[YOUR GOAL]: Please copy every line with the string "Drive" from the entries below.

[DATA SUPPLIED]:
___

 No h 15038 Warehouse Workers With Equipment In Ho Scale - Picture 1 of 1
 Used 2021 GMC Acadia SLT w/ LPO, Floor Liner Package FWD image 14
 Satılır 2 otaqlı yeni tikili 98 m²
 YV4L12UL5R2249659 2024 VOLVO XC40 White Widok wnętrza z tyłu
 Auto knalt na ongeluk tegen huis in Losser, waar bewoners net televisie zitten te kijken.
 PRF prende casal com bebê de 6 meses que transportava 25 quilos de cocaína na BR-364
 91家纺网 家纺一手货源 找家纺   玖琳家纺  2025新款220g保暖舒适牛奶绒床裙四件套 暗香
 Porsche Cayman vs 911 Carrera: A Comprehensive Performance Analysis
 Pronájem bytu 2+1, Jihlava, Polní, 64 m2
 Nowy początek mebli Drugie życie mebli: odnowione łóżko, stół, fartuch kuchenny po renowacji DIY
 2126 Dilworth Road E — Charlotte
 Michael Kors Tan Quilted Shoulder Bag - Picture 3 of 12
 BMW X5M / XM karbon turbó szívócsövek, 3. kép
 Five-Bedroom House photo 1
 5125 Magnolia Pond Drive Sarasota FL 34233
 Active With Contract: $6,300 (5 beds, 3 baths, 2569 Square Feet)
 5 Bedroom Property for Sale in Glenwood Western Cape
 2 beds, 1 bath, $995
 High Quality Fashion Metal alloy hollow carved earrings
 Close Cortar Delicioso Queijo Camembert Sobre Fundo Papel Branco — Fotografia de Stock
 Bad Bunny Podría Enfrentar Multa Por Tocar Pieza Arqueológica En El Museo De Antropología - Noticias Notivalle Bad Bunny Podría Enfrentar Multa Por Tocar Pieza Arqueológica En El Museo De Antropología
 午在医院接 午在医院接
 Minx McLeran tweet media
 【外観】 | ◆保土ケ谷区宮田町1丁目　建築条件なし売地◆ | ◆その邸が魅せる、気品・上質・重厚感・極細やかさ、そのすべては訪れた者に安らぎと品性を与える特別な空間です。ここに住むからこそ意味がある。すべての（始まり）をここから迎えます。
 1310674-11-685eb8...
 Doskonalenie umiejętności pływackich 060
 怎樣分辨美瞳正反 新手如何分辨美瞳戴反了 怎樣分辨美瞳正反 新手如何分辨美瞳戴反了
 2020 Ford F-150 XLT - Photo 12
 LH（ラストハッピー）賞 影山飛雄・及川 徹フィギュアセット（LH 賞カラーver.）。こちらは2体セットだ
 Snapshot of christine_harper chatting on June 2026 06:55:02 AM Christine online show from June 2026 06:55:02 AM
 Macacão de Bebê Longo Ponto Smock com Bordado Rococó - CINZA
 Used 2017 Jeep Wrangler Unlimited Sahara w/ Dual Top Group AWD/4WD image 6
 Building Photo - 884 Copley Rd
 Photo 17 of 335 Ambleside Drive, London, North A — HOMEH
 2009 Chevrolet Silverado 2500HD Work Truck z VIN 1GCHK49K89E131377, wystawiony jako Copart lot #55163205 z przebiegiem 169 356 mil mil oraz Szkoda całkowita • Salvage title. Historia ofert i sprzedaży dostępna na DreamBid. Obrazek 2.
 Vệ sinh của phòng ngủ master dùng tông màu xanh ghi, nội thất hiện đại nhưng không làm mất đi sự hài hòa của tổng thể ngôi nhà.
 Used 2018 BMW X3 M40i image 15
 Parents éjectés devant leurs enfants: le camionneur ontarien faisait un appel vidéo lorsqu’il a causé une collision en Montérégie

___

[SOLUTION]:
 5125 Magnolia Pond Drive Sarasota FL 34233
 Photo 17 of 335 Ambleside Drive, London, North A — HOMEH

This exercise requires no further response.